James Calderwood, a Chevy Chase Village resident who is an attorney with a Washington D.C. firm, confirmed Monday he is “seriously looking at running.” He is expected to make a decision by mid-October.
Calderwood, 73, was recently named by Gov. Larry Hogan as chair of the Maryland Transportation Commission, which serves in an advisory capacity to the governor. Prior to that, he was a member of Montgomery County’s Friendship Heights Transportation Advisory Committee. He is also a past president of the University of Maryland Alumni Association and a founding director of the Maryland Public Policy Institute, several of whose members have played active roles in the new Hogan administration. The institute, based in Rockville, promotes public policy “based on principles of free enterprise, limited government, and civil society,” according to its website.
Laytonsville businessman Frank Howard, who ran for a state Senate seat last year, had been considering seeking the GOP nomination in District 8. But Howard decided recently to run instead in neighboring District 6, where a half-dozen Republicans are eyeing the seat to which Democratic incumbent John Delaney narrowly won re-election in 2014.
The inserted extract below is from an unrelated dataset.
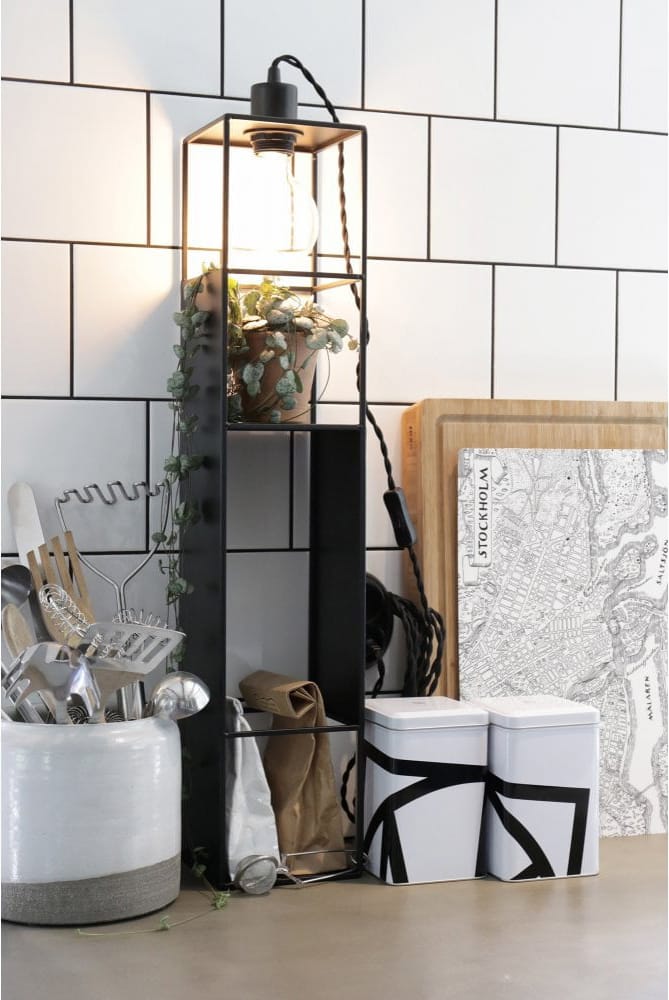 GLOBEN LIGHTING SHELFIE Long Shelving Unit with In-Built Wall Light Black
While national Republicans appear ready to funnel substantial funds into the 2016 general election campaign in District 6, which includes several GOP-dominated counties in western Maryland as well as a sizeable portion of Montgomery County, it remains uncertain whether the national party will also invest resources in District 8. However, sources said Calderwood, if he decides to run, is prepared to devote significant personal funds to the race, although he is not in a position to self-finance a general election campaign.